▶ Task prompt:
Print the line containing "this 1270×952 image." and all lines after it, unchanged, through the end of the data. Leave the pictures out.

▶ Saved data entries:
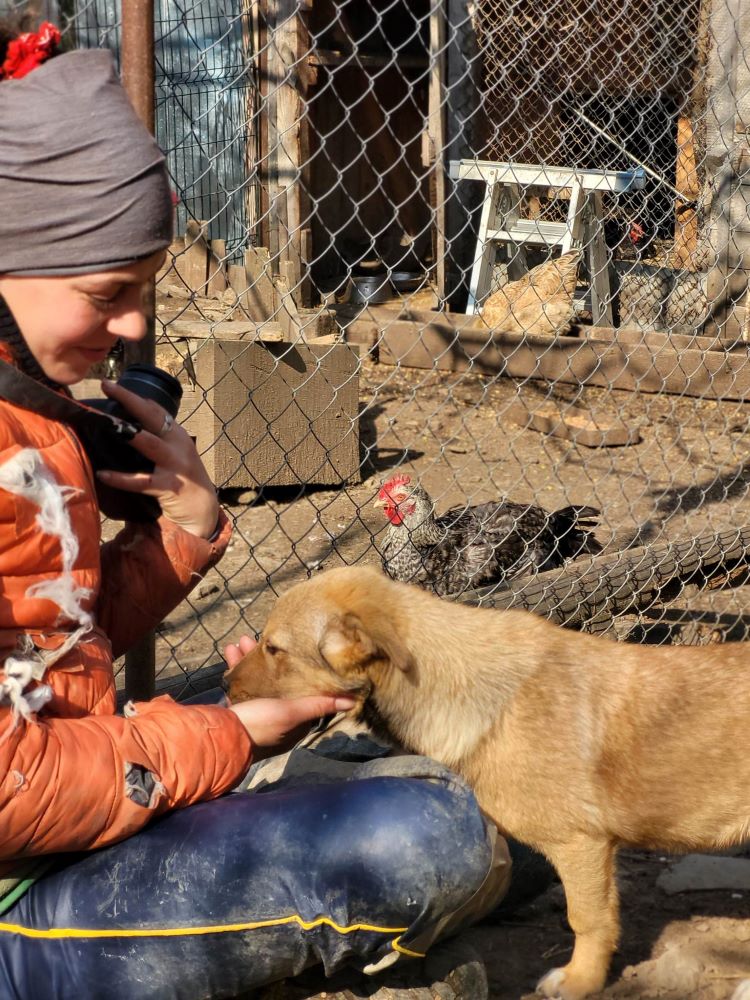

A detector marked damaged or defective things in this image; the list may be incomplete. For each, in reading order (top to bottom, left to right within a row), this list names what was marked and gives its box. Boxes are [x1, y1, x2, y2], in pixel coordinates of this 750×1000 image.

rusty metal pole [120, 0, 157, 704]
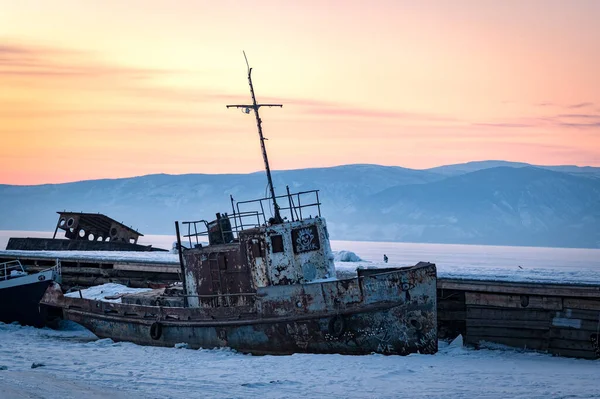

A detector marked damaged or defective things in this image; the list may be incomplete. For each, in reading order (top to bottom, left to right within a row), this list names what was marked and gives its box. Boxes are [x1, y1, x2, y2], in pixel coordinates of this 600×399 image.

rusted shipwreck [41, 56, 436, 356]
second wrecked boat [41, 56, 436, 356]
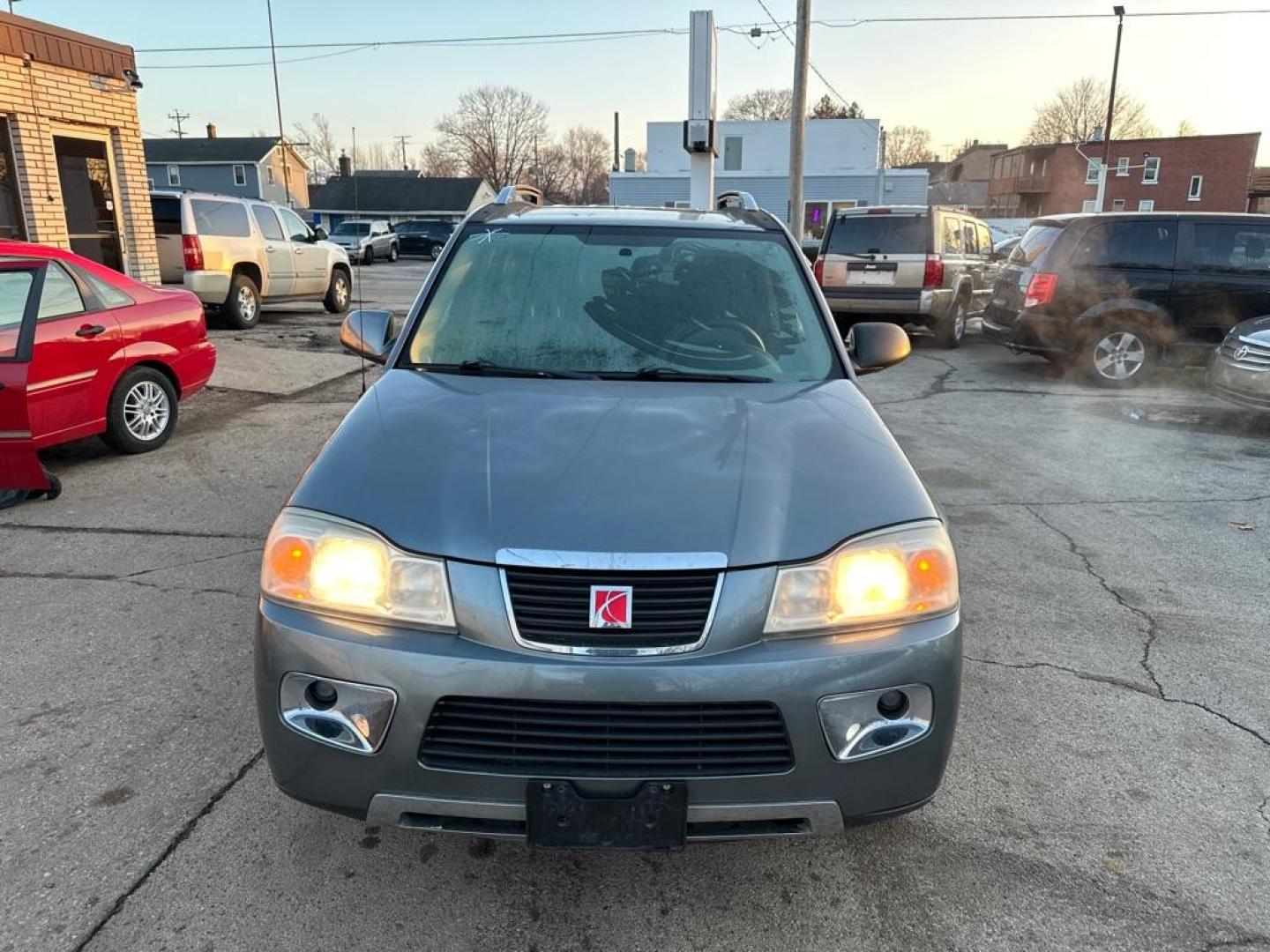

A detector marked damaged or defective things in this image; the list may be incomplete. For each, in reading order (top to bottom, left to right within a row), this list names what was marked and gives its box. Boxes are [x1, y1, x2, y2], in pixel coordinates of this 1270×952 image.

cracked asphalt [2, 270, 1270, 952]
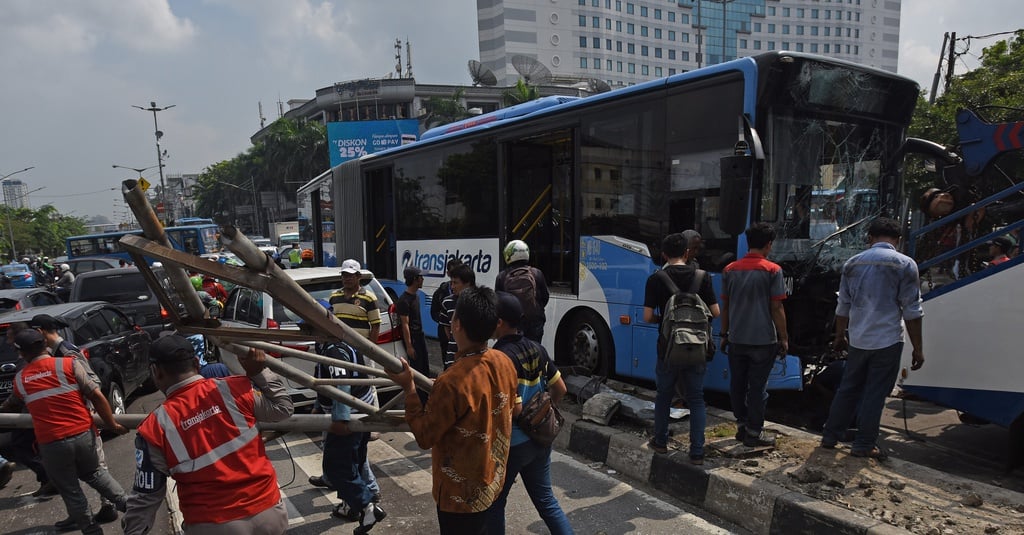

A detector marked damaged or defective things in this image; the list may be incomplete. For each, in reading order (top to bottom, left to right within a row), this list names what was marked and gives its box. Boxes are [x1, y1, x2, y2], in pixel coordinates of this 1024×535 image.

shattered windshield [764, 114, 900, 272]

▶ Exercise response:
A detector marked damaged or defective things in this image; the list may be incomplete. For each, in reading order (top to bottom, left to right within a row), this list names what was marked and gives its box. Boxes are [x1, y1, x2, y2], in pixel coordinates of this 1270×952 image.

cracked asphalt [2, 270, 1270, 952]

A detector marked damaged or defective things in this image; the list may be incomplete. For each, in reading order (top to bottom, left to right within a row), this list names what was marked and gives its box. Boxes are [x1, y1, x2, y2], in pixel coordinates of this 1024×535 image.

shattered windshield [764, 114, 900, 272]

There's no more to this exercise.